Understanding the Binomial Distribution: Why X=3 is the Most Likely Outcome

Suppose X has a binomial distribution with parameters 6 and 1/2 . Show that X = 3 is the most likely outcome.

The binomial distribution is a fundamental concept in statistics, used to model the number of successes in a fixed number of independent trials with a constant probability of success. In this blog post, we will discuss the binomial distribution with parameters 6 and 1/2, and show why X = 3 is the most likely outcome.
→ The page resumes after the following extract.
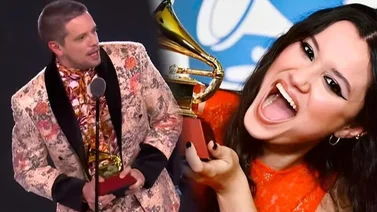 Lasso y Joaquina le cantan a México al mejor ritmo de “Ojos Marrones”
Suppose we have a random variable X that follows a binomial distribution with parameters n = 6 and p = 1/2. This means that X represents the number of successes in six independent trials, where each trial has a 50% chance of success. To understand the likelihood of different outcomes, we can look at the probability density function (PDF) of the binomial distribution:

P(X = k) = (n choose k) * p^k * (1-p)^(n-k)
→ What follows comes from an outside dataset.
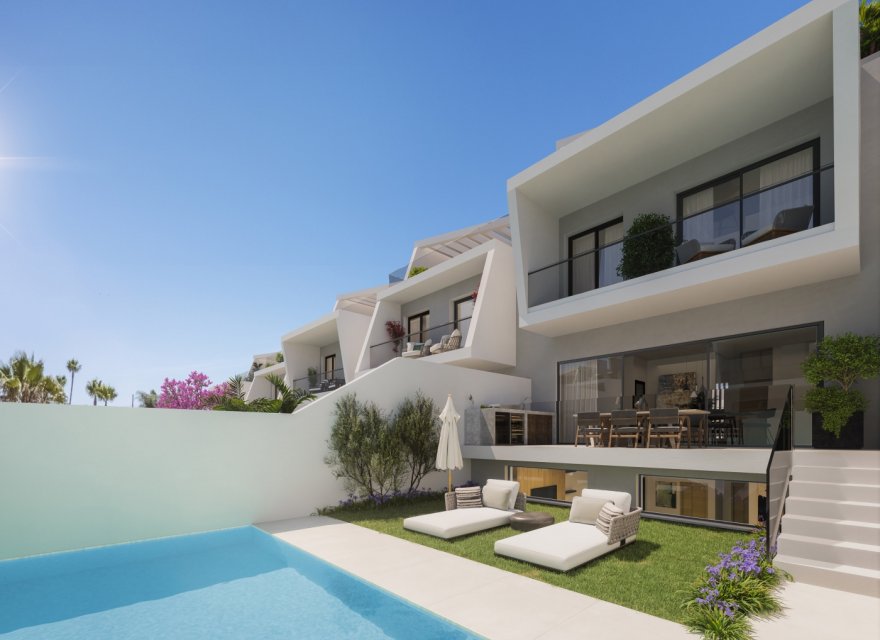 Obra nueva - Apartamento - Еstepona - Estepona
where (n choose k) is the binomial coefficient, representing the number of ways to choose k successes out of n trials. Using this formula, we can calculate the probability of each possible outcome for X, ranging from 0 to 6.

X = 0: P(X=0) = (6 choose 0) * (1/2)^0 * (1/2)^6 = 1/64

X = 1: P(X=1) = (6 choose 1) * (1/2)^1 * (1/2)^5 = 6/64

X = 2: P(X=2) = (6 choose 2) * (1/2)^2 * (1/2)^4 = 15/64

X = 3: P(X=3) = (6 choose 3) * (1/2)^3 * (1/2)^3 = 20/64

X = 4: P(X=4) = (6 choose 4) * (1/2)^4 * (1/2)^2 = 15/64

X = 5: P(X=5) = (6 choose 5) * (1/2)^5 * (1/2)^1 = 6/64

X = 6: P(X=6) = (6 choose 6) * (1/2)^6 * (1/2)^0 = 1/64

Notice that the sum of all these probabilities is equal to 1, as expected for any probability distribution.

To find the most likely outcome for X, we can look for the value of k that maximizes the probability P(X = k). This value is known as the mode of the distribution. In this case, we can see that the highest probability occurs for X = 3, with P(X = 3) = 20/64. Therefore, X = 3 is the most likely outcome for the binomial distribution with parameters n = 6 and p = 1/2.

But why is X = 3 the most likely outcome? One way to understand this is by looking at the mean of the distribution, which is given by:

E(X) = n * p

For our binomial distribution with n = 6 and p = 1/2, we have E(X) = 6 * 1/2 = 3. This means that on average, we expect to get 3 successes out of 6 trials. Since the probability distribution is symmetric around the mean, the mode should also occur at the mean, which is the case here with X = 3.